DCSIMG

Connor, 6, hailed for quick actions to save diabetic father

Connor Hoyland, from Penicuik, got help when his father Derek suffered a diabetic hypo. Picture: Jane Barlow

Connor Hoyland, from Penicuik, got help when his father Derek suffered a diabetic hypo. Picture: Jane Barlow

ALL he wanted after waking up thirsty in bed one night was to ask his dad for a glass of water.

But this drink quickly turned into something more dangerous for six-year-old Connor Hoyland when he came downstairs to find his dad, Derek, who has type one diabetes, in the family living room suffering a hypoglycemic attack.

The attack – the result of Derek’s blood-sugar levels plunging after he’d spent the evening “running around daft” to get Connor and his little sister, Amy, two, ready for bed – could have resulted in hospitalisation and even coma.

Amazingly, Connor, a P2 pupil at Penicuik’s Strathesk Primary, kept calm, offered his dad a biscuit, unlocked the front door and picked up a mobile phone to ring his mum, Clair, who was at work at Beeslack High.

Clair then rushed home to administer an emergency glucose injection and stabilise Derek’s blood-sugar levels.

Today, Connor’s parents paid tribute to their son and his composure under pressure, which they said saved his dad from becoming seriously ill.

Derek, 47, a staff trainer for Scottish Widows in Edinburgh, said: “Basically I just blacked out, I can’t really remember much about the attack.

“When I’m looking after the kids, I’m running around daft about them and that can have an effect.
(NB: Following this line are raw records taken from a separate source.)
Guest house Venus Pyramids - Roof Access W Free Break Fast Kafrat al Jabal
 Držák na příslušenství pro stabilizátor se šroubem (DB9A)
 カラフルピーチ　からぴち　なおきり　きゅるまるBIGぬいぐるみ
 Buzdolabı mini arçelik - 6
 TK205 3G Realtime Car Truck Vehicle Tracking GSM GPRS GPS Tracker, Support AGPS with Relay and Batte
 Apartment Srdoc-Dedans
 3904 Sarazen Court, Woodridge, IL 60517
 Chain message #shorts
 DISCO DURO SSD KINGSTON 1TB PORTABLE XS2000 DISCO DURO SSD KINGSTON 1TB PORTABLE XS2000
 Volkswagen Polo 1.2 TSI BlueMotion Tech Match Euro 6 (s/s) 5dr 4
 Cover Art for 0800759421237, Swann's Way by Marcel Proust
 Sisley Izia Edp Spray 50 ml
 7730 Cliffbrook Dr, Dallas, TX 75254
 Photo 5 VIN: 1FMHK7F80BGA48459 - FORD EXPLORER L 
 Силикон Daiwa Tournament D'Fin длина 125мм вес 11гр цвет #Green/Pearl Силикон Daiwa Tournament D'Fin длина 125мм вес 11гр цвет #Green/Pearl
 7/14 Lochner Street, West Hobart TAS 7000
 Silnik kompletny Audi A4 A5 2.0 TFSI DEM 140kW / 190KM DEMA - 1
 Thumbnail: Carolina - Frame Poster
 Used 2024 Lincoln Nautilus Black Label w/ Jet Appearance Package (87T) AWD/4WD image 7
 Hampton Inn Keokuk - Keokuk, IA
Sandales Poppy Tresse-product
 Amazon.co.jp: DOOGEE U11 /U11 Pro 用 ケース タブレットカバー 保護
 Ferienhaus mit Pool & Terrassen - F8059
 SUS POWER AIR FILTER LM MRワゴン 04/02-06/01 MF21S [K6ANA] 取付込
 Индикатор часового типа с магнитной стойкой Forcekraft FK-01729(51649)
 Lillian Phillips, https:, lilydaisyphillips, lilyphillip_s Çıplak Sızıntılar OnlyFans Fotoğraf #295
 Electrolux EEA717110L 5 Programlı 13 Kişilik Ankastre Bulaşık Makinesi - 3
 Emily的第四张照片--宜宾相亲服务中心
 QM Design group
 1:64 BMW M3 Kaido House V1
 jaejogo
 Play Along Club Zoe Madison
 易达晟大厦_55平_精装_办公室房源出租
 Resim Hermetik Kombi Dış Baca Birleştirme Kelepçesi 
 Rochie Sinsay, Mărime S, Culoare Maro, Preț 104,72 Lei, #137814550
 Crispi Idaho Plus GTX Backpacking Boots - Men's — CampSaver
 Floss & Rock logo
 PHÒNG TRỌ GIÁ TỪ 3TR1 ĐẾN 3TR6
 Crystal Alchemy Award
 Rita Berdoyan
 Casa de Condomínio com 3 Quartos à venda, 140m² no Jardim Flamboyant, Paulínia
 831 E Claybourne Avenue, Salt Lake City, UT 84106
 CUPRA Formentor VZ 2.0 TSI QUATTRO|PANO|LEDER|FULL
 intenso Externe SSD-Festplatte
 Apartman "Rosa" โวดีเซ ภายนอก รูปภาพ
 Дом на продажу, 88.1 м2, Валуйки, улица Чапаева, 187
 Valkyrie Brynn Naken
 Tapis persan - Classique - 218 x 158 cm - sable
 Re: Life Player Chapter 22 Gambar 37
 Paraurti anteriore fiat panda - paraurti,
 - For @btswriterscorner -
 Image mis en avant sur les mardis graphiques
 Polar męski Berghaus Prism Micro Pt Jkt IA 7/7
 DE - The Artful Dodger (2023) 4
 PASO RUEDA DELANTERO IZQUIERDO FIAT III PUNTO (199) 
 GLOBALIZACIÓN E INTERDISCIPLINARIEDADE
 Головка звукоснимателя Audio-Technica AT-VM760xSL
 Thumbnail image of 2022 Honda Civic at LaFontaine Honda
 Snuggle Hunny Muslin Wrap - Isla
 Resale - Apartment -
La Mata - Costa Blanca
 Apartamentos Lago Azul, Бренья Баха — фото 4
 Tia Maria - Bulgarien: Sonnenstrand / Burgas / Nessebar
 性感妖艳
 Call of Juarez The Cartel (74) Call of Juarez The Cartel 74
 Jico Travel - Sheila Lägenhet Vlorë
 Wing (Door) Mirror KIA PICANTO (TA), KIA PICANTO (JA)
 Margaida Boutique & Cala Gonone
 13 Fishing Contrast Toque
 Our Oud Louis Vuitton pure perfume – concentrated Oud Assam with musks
How much a particular type of activity can affect your blood sugar if you are diabetic can be quite unpredictable.

“I was trying to get tea as well and I took something to eat and thought it should be enough. Unfortunately, it wasn’t enough for everything I was doing to keep things under control and it got to the stage where I couldn’t recover.

“But Connor did brilliantly for a six-year-old – he was really calm and collected, and able to handle it all very well.”

Clair, 38, who works as a learning support assistant, said she and her husband had not hidden his diabetes from their children, and had given Connor instructions on what to do if his dad ever suffered an attack.

She said: “I knew Derek was way past the stage of me being able to do anything over the phone and I was panicky when I left work.

“But Connor was absolutely fine. I just cannot believe how much he carried out everything we told him to do to a T. I remember afterwards I was jumping around in the school playground when I was telling people about it.”

Although he came downstairs during the attack last month to find his dad sweating, clammy and disoriented, Connor told the News he did not feel scared or worried.

He said: “When I found him, I thought something was wrong. I offered him a biscuit, but he just did not want it. So I phoned mum’s work and spoke to her and she said she was coming home.

“I was OK, I did not feel worried at all. I’m really happy about what I did.”

Bosses at the Scottish Ambulance Service, who presented Connor with a certificate of commendation last week, praised his actions.

A spokesman said: “For someone so young, Connor showed real presence of mind to stay so calm and call his mum, which was exactly the right thing to do.”